The continued story of Appalachia remains firmly connected to the history of the growth and evolution of rural America. From generation to generation, farmers within the region have balanced the growing and raising of crops and livestock for their own subsistence with a strong involvement in the wider sphere of commercial agriculture. One of the most engaging examples of the constant link between heritage and economics is represented in the breeding of cattle. Just as familial ties and last names are important in the daily commercial interactions of many Appalachian communities, the knowledge and recordkeeping concerned with tracing bloodlines of cattle still allows for the same sort of ordination and nominal weight at auctions and markets throughout the region.

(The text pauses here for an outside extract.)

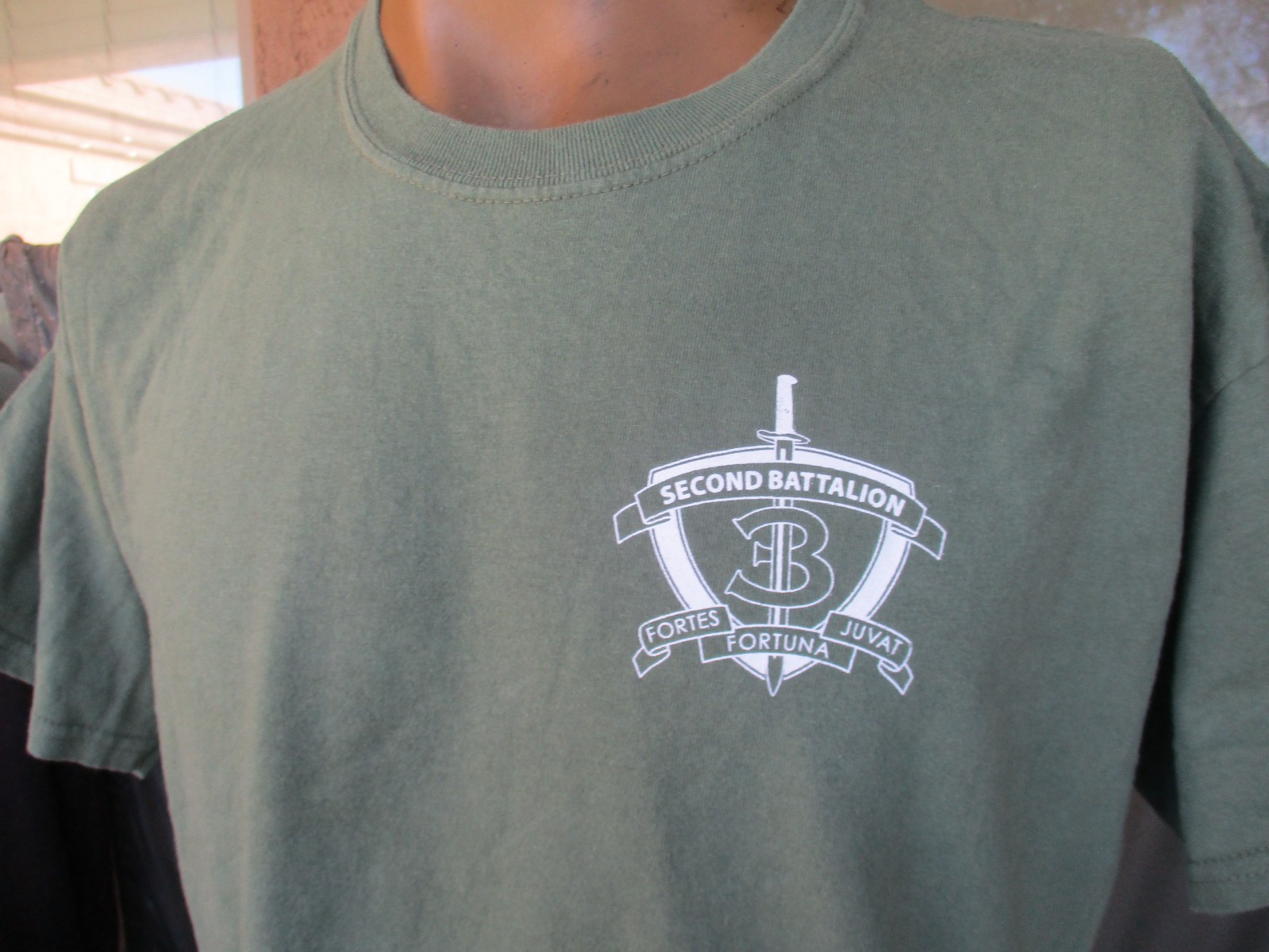 2/3 Marines, USMC, HELL ON WHEELS, CAAT 2 RAGERS Unit PT T-Shirt #1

Sharing relatively the same geographical origins of many of the earliest mountain settlers, Hereford cattle first emerged as a distinct breed around the vicinity of Herefordshire, England sometime around the 17th Century. Characterized for their bulky build, red body, and white face, the breed became further solidified in its attributes during Britain's Industrial Revolution as farmers selectively bred cattle for higher beef yield to export and feed the growing non-farm workforce. Although three Herefords were brought to Kentucky by Henry Clay in 1817, the breed truly became seated on the continent with the herd developed by William Sotham and Erastus Corning of Albany, New York in the 1840s. The "Jr. Modest Lamplighter 4" pictured above is an example of one of the prime Hereford lines proliferated across America. A 1949 edition of The Polled Hereford World names descendants of the Lamplighter pedigree on farms in the vicinties of Lewisburg and Washburn, West Virginia.
Image from AC.876: Paul Weston Photographs, 1966. For anyone interested in finding out more on the early history of Herefords and the society who produced them see James MacDonald and James Sinclair's "History of Hereford Cattle" (1886).